Two items here.
oVirt version 3.6.4 Fresh install, not an upgrade.
First, I noticed this issue when I did an install on a test machine but
I didn't have the data to present. Because of that and some other
posts dealing with the network issue I kept notes when I installed on
my production system. I'm doing a hosted-engine setup.
As part of the preparation I did the following before installing and
deploying.
* Removed NetworkManager with yum remove NetworkManager
* The NIC that will be used for the oVirt management NIC is connected
to a switch port expecting VLAN 50 so I set up a VLAN50 ifcfg file.
* The IP address of the server, prefix, gateway, and TWO DNS servers
were setup in the ifcfg file. and name resolution worked.
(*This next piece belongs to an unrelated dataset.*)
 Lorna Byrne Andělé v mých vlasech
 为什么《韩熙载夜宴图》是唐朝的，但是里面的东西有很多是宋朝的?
I could ping
the host by name as well as the oVirt Engine VM which was in DNS so the
name resolved but obviously nothing would reply. Other servers and
workstations could resolve the host and engine names.
1. On the host I ran hosted-engine --deploy and installed the OS
(Centos 7 (1511) on the Engine VM. I rebooted the Engine VM, told the
deployment that the Engine VM was running and it then continued and
deployment told me to install the engine on the Engine VM.
2. I updated the Engine VM via yum update, installed the oVirt
repositories, and ran the engine-setup which completed successfully.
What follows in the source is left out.